Deve-se ter em mente que, através do contrato de seguro, há transferência das consequências econômicas do risco caso ele venha a se materializar em sinistro para a coletividade. Para tanto, as seguradoras mantêm um grande aparato burocrático para assegurar esses riscos, indenizar o sinistro (caso venha a ocorrer) e, por consequência, dar continuidade à sua atividade econômica.

Uma dessas atividades é a regulação de sinistros. Esse procedimento constitui na análise, por parte da seguradora, da ocorrência de um evento danoso para determinar a sua elegibilidade e o âmbito da cobertura. Como resultado, tem-se a mensuração dos danos e a definição da quantia a ser paga, representando, assim, um momento crucial do contrato, no qual se estabelece a posição da seguradora face ao direito indenizatório do segurado [1].

A regulação, portanto, se insere no processo obrigacional do contrato de seguro como etapa subsequente ao aviso de sinistro e antecede o pagamento da indenização securitária. Isto é, situa-se entre o momento da exigibilidade do crédito (sinistros) e do seu adimplemento (pagamento da quantia).
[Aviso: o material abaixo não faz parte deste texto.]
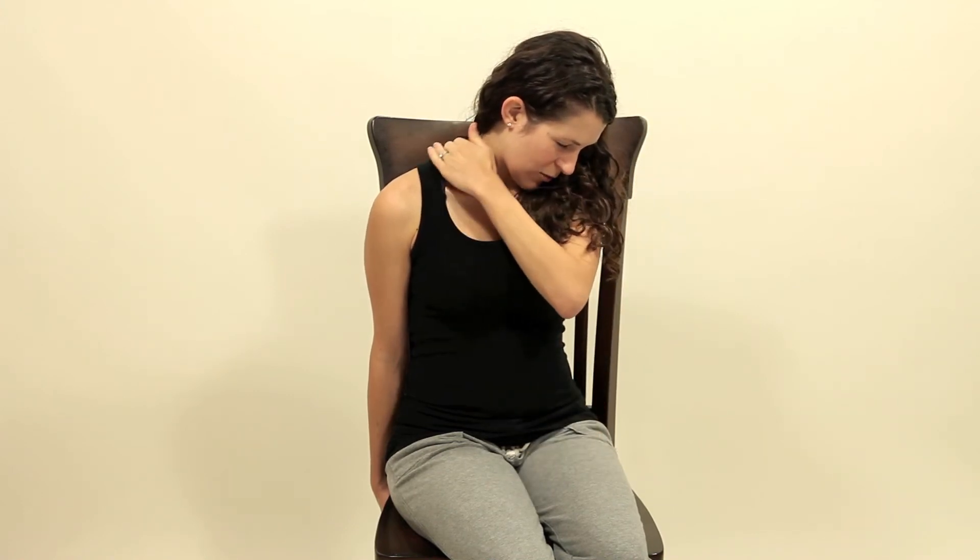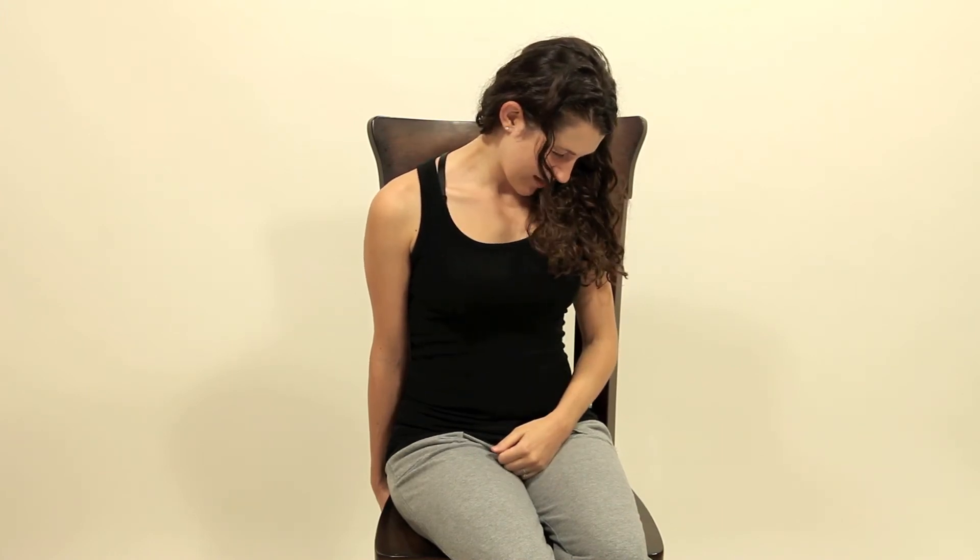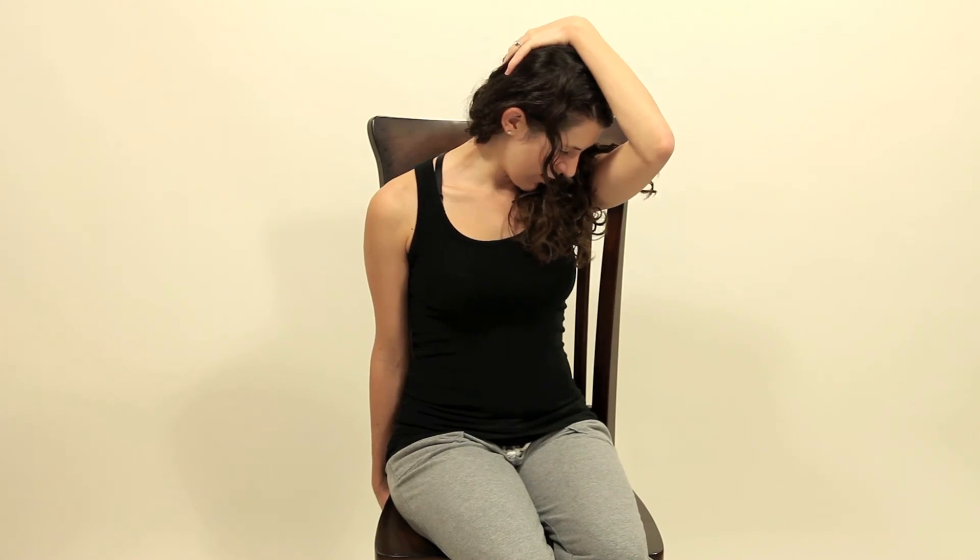You should feel a stretch right along this back side of your neck. If you don't feel the stretch intensely enough, you can take your opposite hand, come over the back side of your head and gently pull down. You're going to hold that stretch 30 seconds to a minute, and that's your levator stretch.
A complexidade da regulação de sinistros leva a uma notória conclusão: são muito elevados os custos para atuar no mercado securitário e, mais do que isso, para fazê-lo de forma adequada. Sem uma séria regulação, os prejuízos não se limitam às partes interessadas, mas à sociedade como um todo. O procedimento permite não só o cumprimento da função social do contrato a cada caso concreto, como também é crucial para gestão de riscos, identificação de padrões, causas e fatores. Ele sustenta o ecossistema do seguro, organizando todas as etapas desde o acionamento da apólice até a indenização.
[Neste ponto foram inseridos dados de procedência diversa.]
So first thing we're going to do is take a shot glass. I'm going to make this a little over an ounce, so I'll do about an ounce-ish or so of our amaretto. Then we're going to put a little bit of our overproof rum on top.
A legislação recém promulgada inovou o ordenamento jurídico brasileiro ao dispor sobre a regulação de sinistros. Até 2024, somente países como Itália, França, Argentina, Inglaterra e Alemanha possuíam normas específicas sobre essa etapa crucial do contrato de seguro. Entre os pontos mais relevantes, destacam-se a fixação de prazos, deveres de transparência, cooperação e celeridade e o maior rigor da prova documental.

Prazos definidos para a regulação

A lei trouxe a obrigatoriedade das seguradoras de concluírem a regulação de liquidação de sinistros dentro do prazo de 30 dias, contados a partir da data da reclamação ou do aviso de sinistro (artigo 86). Nas hipóteses em que “a verificação da existência da cobertura implique em maior complexidade na apuração”, o prazo poderá ser estendido para 120 dias (§ 5º).

Caso a seguradora não se manifeste sobre o reconhecimento da cobertura nesses prazos, poderá perder o direito de recusá-la. Contudo, a lei prevê a suspensão dos prazos na hipótese em que a seguradora ou o regulador solicitarem documentos complementares, limitado a duas vezes (§ 3º).

Transparência e cooperação

Um dos objetivos claros da lei é fortalecer a confiança entre segurado e seguradora, a partir da introdução expressa de deveres anexos de transparência e cooperação que, no regime do Código Civil, seriam apenas implícitos ao dever geral de agir conforme a boa-fé objetiva.

Isso fica evidente da leitura do artigo 82, que estabelece que “o relatório de regulação e liquidação de sinistros é documento comum entre as partes”, em conjunto com o artigo 83, que impõe à seguradora o dever de entregar ao interessado todos os documentos obtidos durante a regulação na hipótese de negativa de cobertura. Há uma preocupação normativa em proteger o segurado contra negativas infundadas ou que não refletem a realidade fática identificada na produção de provas da regulação.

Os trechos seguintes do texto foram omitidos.